OPINIÓN | Elecciones en Estado de Excepción
Getting your Trinity Audio player ready...
Compartir

En la madrugada del 30 de noviembre de 2017, las calles de Tegucigalpa y San Pedro Sula ardían. No era solo el asfalto, marcado por neumáticos en llamas, sino también la indignación de miles de ciudadanos que veían cómo el sistema electoral se desmoronaba frente a sus ojos. La transmisión de resultados de las elecciones presidenciales se había detenido misteriosamente, y cuando regresó, la tendencia que favorecía a la oposición se había revertido. El gobierno, en un movimiento predecible pero igualmente demoledor, decretó un toque de queda y militarizó las ciudades. La democracia, en ese momento, no se suspendió oficialmente, pero en la práctica, su ejercicio quedó secuestrado por el miedo y la fuerza del Estado.

Ahora, en 2025, a solo semanas de que los hondureños acudan nuevamente a las urnas, la historia parece repetirse, aunque con matices distintos. El Estado de Excepción, que el gobierno ha justificado como una estrategia de seguridad, coincidirá con la campaña y las elecciones primarias del 9 de marzo, restringiendo derechos fundamentales como la libre circulación y el derecho de reunión. La pregunta es ineludible: ¿puede un país celebrar elecciones libres cuando los ciudadanos no tienen pleno acceso a sus derechos constitucionales?

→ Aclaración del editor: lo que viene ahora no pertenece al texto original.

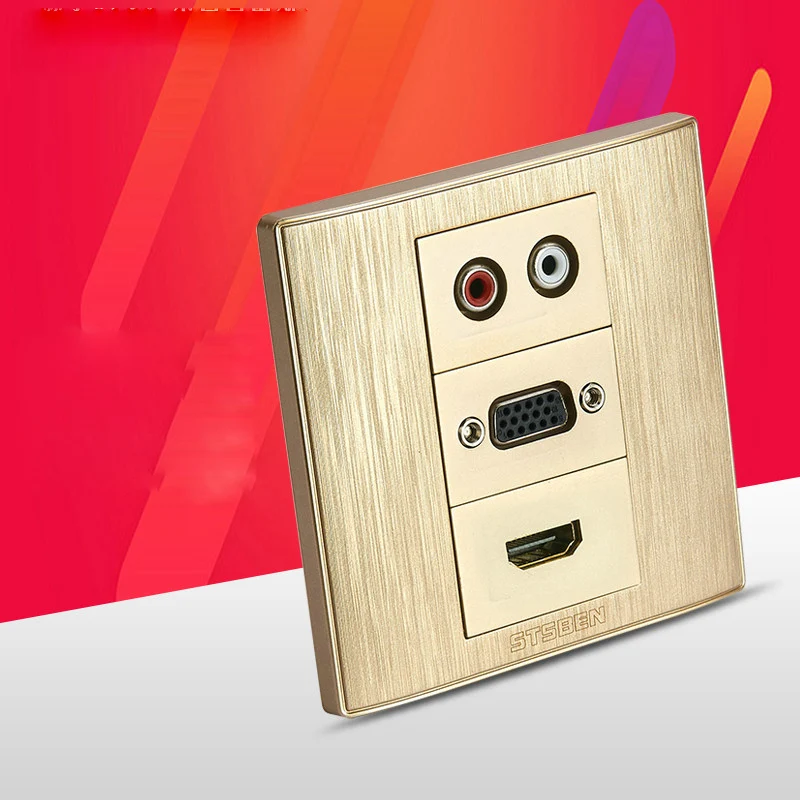 Gold Color Wall Outlet Audio VGA Elbow HDMI Face Panel 86x86mm Hifi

El discurso oficial justifica la medida con una lógica sencilla: el crimen organizado, y en particular la extorsión, representan una amenaza para el país, y la única manera de combatirlos es mediante la militarización del territorio. Bajo esta narrativa, el gobierno de Xiomara Castro ha extendido sucesivamente el Estado de Excepción, a pesar de que los datos revelan una realidad contradictoria. Si bien la tasa de homicidios ha disminuido, esto ha ocurrido siguiendo una tendencia que inició en 2012 (VER GRÁFICO); la extorsión sin embargo ha aumentado. Más de 304,000 hogares en Honduras siguen siendo víctimas de este delito, según un informe reciente de la Asociación para una Sociedad más Justa (ASJ).

Pero lo que en otros momentos parecía ser solo una medida de seguridad ahora adquiere una dimensión distinta cuando se superpone con un proceso electoral. La democracia, por definición, requiere espacios abiertos para el debate, la organización y la movilización. Con la suspensión de derechos como la libre circulación y la reunión pacífica, la competencia política queda condicionada a la discrecionalidad de las fuerzas de seguridad. Los partidos pueden enfrentar restricciones para hacer campaña, los ciudadanos pueden encontrar dificultades para desplazarse a sus centros de votación y los observadores pueden ver limitadas sus capacidades para monitorear el proceso.

Si la seguridad era la prioridad del Estado de Excepción, su prórroga durante el proceso electoral hace inevitable la sospecha de que su función también puede ser política.

Honduras no es el primer país donde un gobierno impone medidas excepcionales en un contexto electoral. La historia latinoamericana está plagada de ejemplos donde la seguridad fue utilizada como pretexto para condicionar la participación política.

En El Salvador, Nayib Bukele ha llevado el Estado de Excepción a su máxima expresión, consolidando un modelo draconiano donde la militarización ha servido para reforzar su control absoluto del poder. Mientras los homicidios han disminuido, las denuncias por detenciones arbitrarias y desapariciones han crecido exponencialmente. El miedo puede ser una herramienta política tan efectiva como la represión directa.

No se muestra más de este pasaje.